▶ AVAILABLE DATA
= Beginning of Section =
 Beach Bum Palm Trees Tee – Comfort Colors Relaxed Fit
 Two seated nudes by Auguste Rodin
= End of Section =
= Beginning of Section =
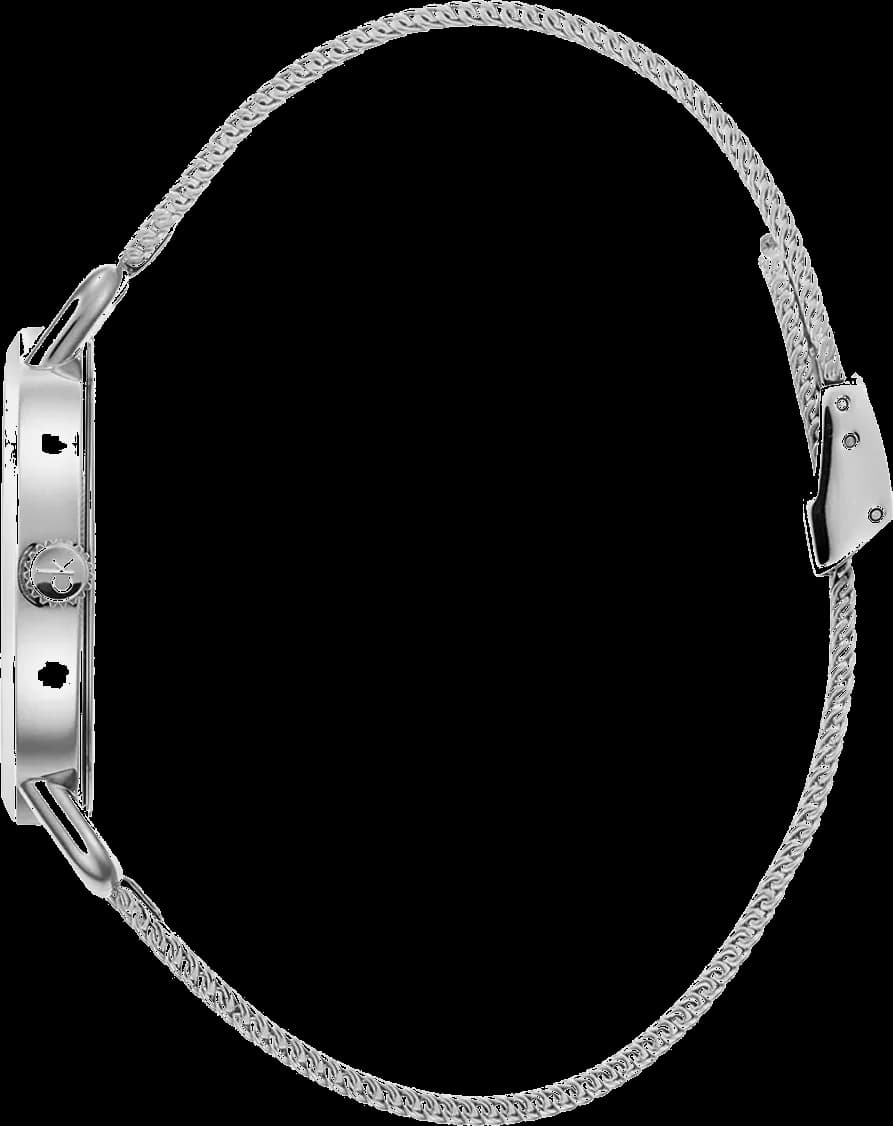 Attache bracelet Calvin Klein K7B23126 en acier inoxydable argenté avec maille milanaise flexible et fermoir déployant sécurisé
= End of Section =
▶ YOUR TASK
Give again, word for word, every line of the listing above from the one with "Beach Bum Palm" to the one with "Two seated nudes by Auguste Rodin", both inclusive, and nothing beyond them.

▶ TASK OUTPUT
 Beach Bum Palm Trees Tee – Comfort Colors Relaxed Fit
 Two seated nudes by Auguste Rodin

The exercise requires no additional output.